Sports equipment, sporting equipment, also called sporting goods, are the tools, materials, apparel, and gear used to compete in a sport and varies depending on the sport. The equipment ranges from balls, nets, and protective gear like helmets. Sporting equipment can be used as protective gear or a tool used to help the athletes play the sport. Over time, sporting equipment has evolved because sports have started to require more protective gear to prevent injuries. Sporting equipment may be found in any department store or specific sporting equipment shops.

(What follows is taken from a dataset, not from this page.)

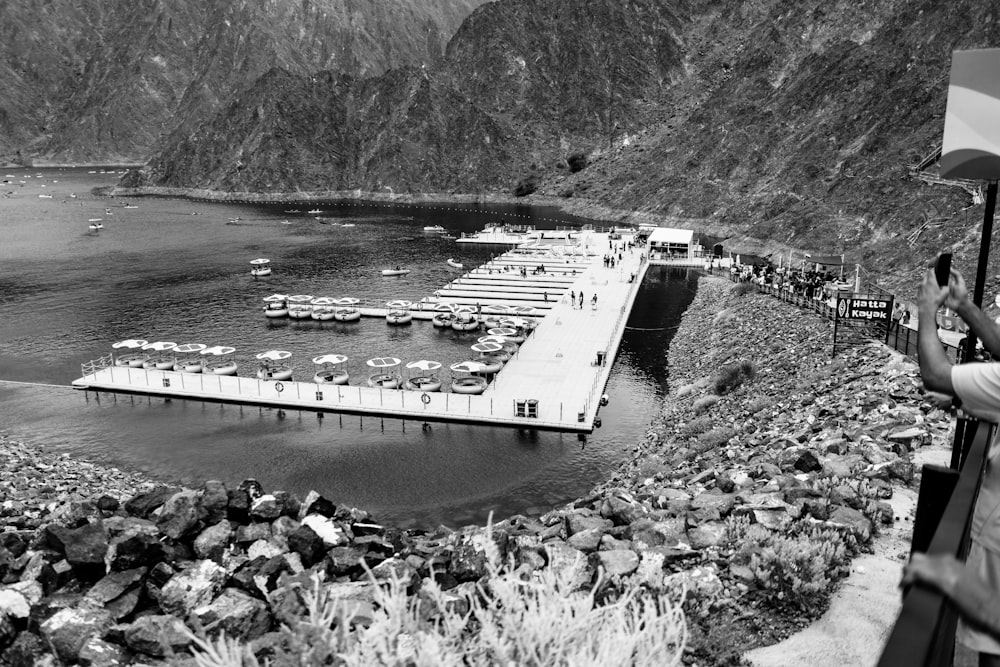 a black and white photo of a pier and mountains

History and development of sports 
Historically many sports players have developed their own sporting equipment over time. For instance, the use of a football dates back to ancient China, between 225 BC and 220 AD. As football remains the most popular sport in the 21st century, the material of the ball has completely changed over the centuries; from being made out of animal skin, to being lined with multiple layers of polyester or cotton.

As the sporting equipment industry improves, so does the athletes performance. This is due to the fact that the equipment is more efficient, lighter and stronger it forming a bio-mechanical system, interacting with the athlete.

Since the massive adoption of wearable, new sport equipment tend to be electronics and connected to deliver data performances.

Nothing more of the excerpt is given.